Hospital stays, gynecological woes, and paternalism

Monday night, I went to the ER with a fever and severe abdominal and back pains. I had been ignoring worsening pains throughout the day, chalking them up to extreme period symptoms. Once the fever hit, though, I couldn't ignore them anymore.

With a couple of pelvic exams and a vaginal probe ultrasound to confirm, turns out I have two uterine fibroids, one of which is quite large and necrotic, causing both the pain throughout my body and fever as my system reacted to the dying tissues.

Now, none of this requires surgery (at the moment), and after IV antibiotics and pain meds, I'm feeling much better, if not weak. All my doctors and nurses were friendly, and overall, it was a good experience, though one I hope to never repeat.

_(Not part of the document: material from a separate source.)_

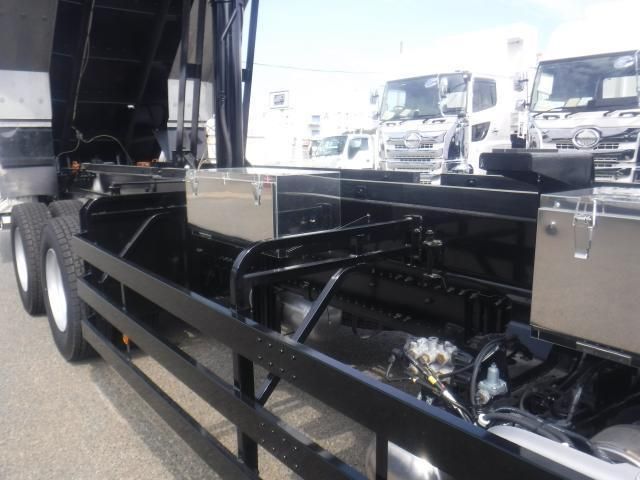Hino PROFIA 2026-01 8311130-13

The one thing that really bothered me, though, was what happened when the conversation turned to long-term options, the most extreme being removal of the uterus if the fibroids and pain continue to get worse.

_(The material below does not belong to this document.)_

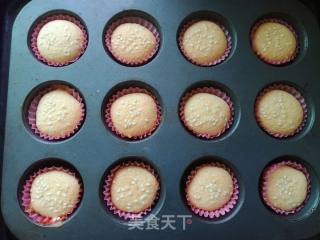 戚风小蛋糕的做法步骤：16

I don't want kids, so this was not the worse news to hear; I'm not jumping for any kind of major surgery, but if down the line that turned out to be the best option, I wouldn't be too upset about it, and I made all of this clear to each doctor and nurse I talked with.

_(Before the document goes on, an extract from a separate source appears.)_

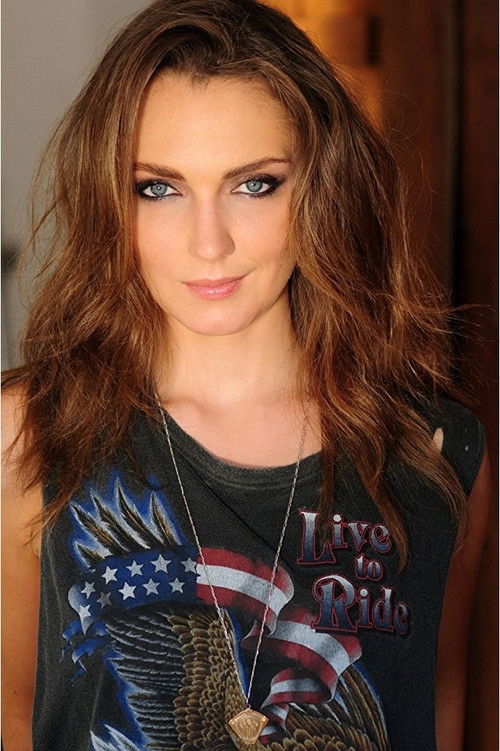 Photo of Hannah Levien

Yet every time I said this, I got the same variation of "you're young, people change their minds, I'd hate for you to regret this decision in 10 years, what if you meet Mr. Right and he wants kids?" blah blah blah

Look, I get it, for a lot of people, 28 is an age where they're still having fun and exploring life, and kids aren't really on the radar, but I'm not one of them. My desire to NOT have kids has only grown more steadfast as I've gotten older, not less so. It's not your decision to make sure I don't regret mine, and goddamn it, "Mr. Right" for me would not be someone who wants kids. If I were a 28 year old man wanting a vasectomy, no one would question me at the slightest, and I already have 35 as the year I have my tubal ligation. I don't need all these women (and they were ALL women) telling me what I do or do not want in terms of my reproductive choices.